With all the grandiosity of the media headlines touting our destiny as the new "Saudi America", many pundits have been quick to pronounce Peak Oil dead.
Here at PeakProsperity.com, one of the most frequent questions we've received over the past two years is: will the increased production from new "tight" oil sources indeed solve our liquid fuels emergency?
Not at all, say Chris and this week's podcast guest, Richard Heinberg. Both are fellows at the Post Carbon Institute, and you are about to hear one of the most important and most lucid deconstructions of the false promise of American energy independence:
I recently went back and reread the first edition of The Party’s Over because it was the tenth year anniversary. And I was actually a little surprised to see what it really says. My forecasts in The Party’s Over were really based on the work of two veteran petroleum geologists—Colin Campbell and Jean Laherrère. So they were saying back before 2003, because it published in 2003, so it was actually written in 2001 and 2002. So they were saying back in 2000 and 2001 that we would see a peak in conventional oil around 2005—check—that that would cause oil prices to bump higher—check—which would cause a slowdown in economic growth—check. But it would also incentivize production of unconventional oil in various forms—check—which would then peak around 2015, which is basically almost where we are right now and all the signs are suggesting that that is going to be a check-off, too. So amazing enough, these two guys got it perfectly correct fifteen years ago.
The big news right now is that the industry needs prices higher than the economy will allow, as you just outlined. So we are seeing the major oil companies cutting back on capital expenditure in upstream projects, which will undoubtedly have an impact a year or two down the line in terms of lower oil production. That is why I think that Campbell and Laherrère were right on in saying 2015, 2016 maybe, we will also start to see the rapid increase of production from the Bakken and the Eagle Ford here in the US start to flatten out. And probably within a year or two after that, we will see a commencement of a rapid decline.

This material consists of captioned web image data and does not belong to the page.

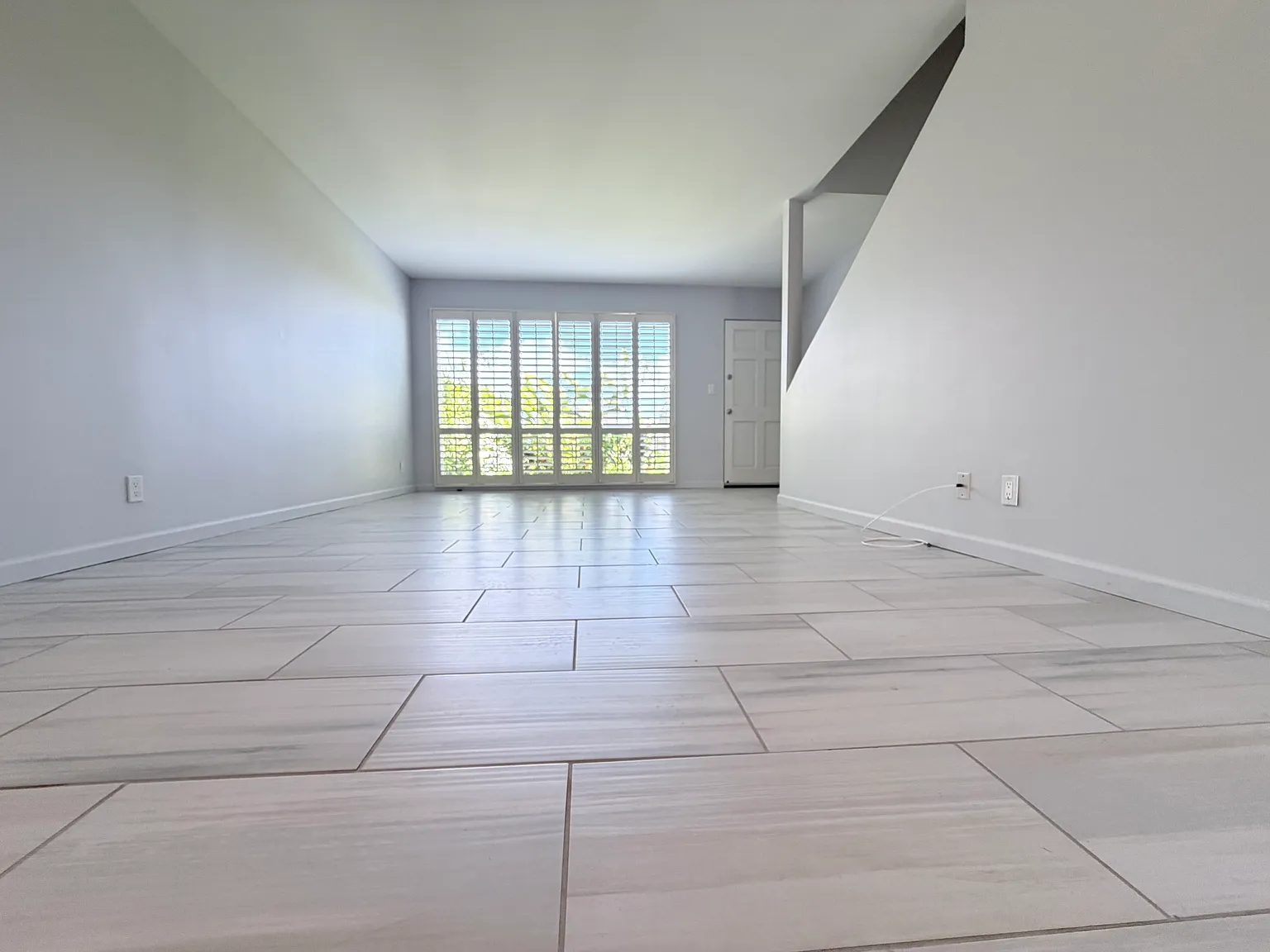 2 bed, 1.5 bath, 1048 sqft, $3,800 — Photo 3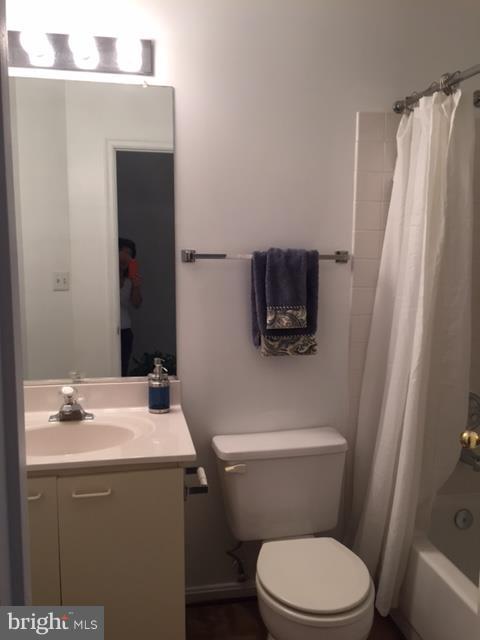 CARDINAL KNOLLS - Residential Lease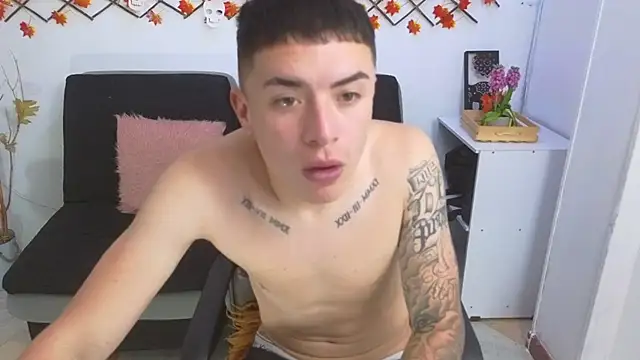 Snapshot of Adam_Blaze chatting on 4, 11, 2025 Adam Blaze online show from 4, 11, 2025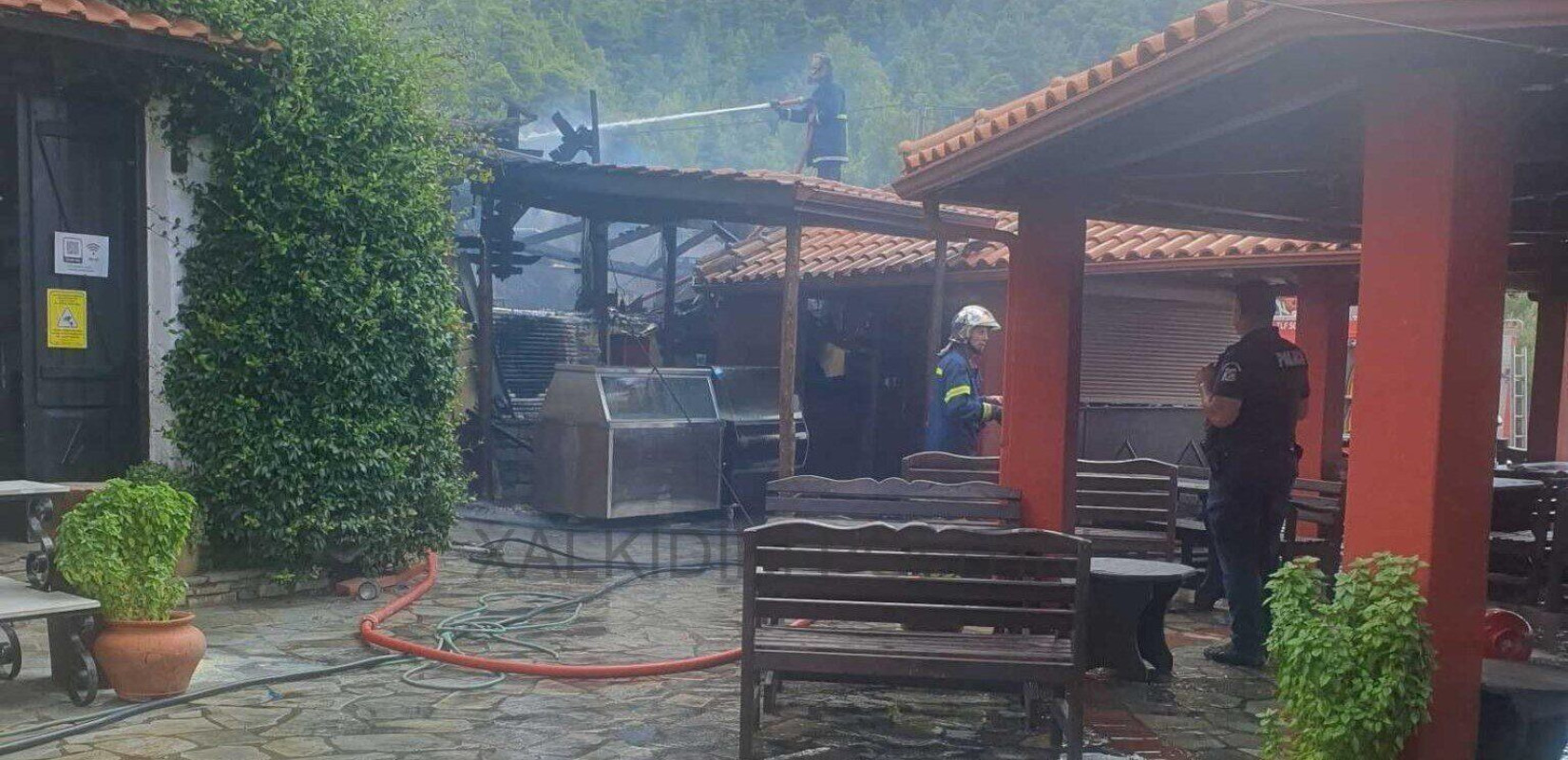Παρθενώνας Χαλκιδικής: Φωτιά στην παραδοσιακή ταβέρνα του Paul
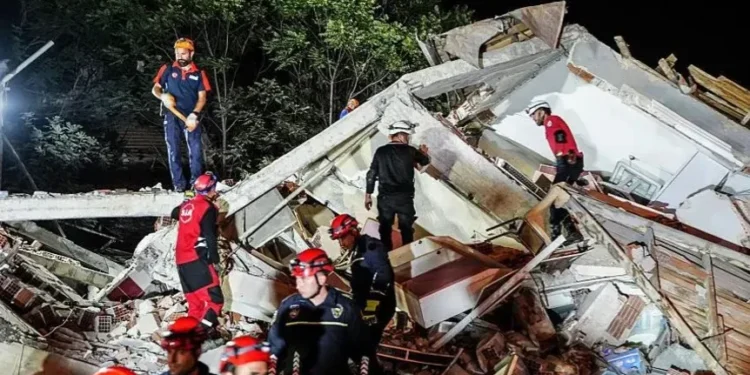 Türkiyədə 6,1 bal gücündə zəlzələ: Bəzi binalar uçdu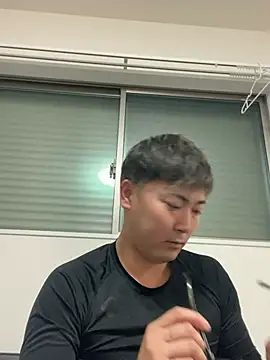 Snapshot of pierrot_0202 chatting on March 11, 2025, 8:19 am pierrot 0202 online show from March 11, 2025, 8:19 am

So you know, on a net basis, taking all those things into account, I think we are probably pretty likely to see global oil production start to head south in the next year or two.
But this change in capital expenditure by the majors, that is a new story. You know, just a couple of years ago, they needed oil prices around $100 a barrel in order to justify upstream investments. That is no longer true. Now they need something like $120 a barrel but the economy cannot stand prices that high. So you know, if the price starts to go up a little bit, then demand just falls back. People start driving less. And so the economy is unable to deliver oil prices to the industry that the industry needs. I think Gail Tverberg is saying this is the beginning of the end. I think she's right.
If we [continue along with our current policies and dependence on petroleum] then everything will eventually change — as a result of the economy coming apart, the debt bubble bursts, you know, agriculture declines because of the expense of oil and because of depletion of topsoil and because you cannot trust the weather anymore. And we have a very dystopian future if we do not do anything.
So it has never been more important for the average person to understand energy issues than it is right now. But I doubt if there has ever been a time when energy issues have been so deliberately confused by the people who should be explaining it to us.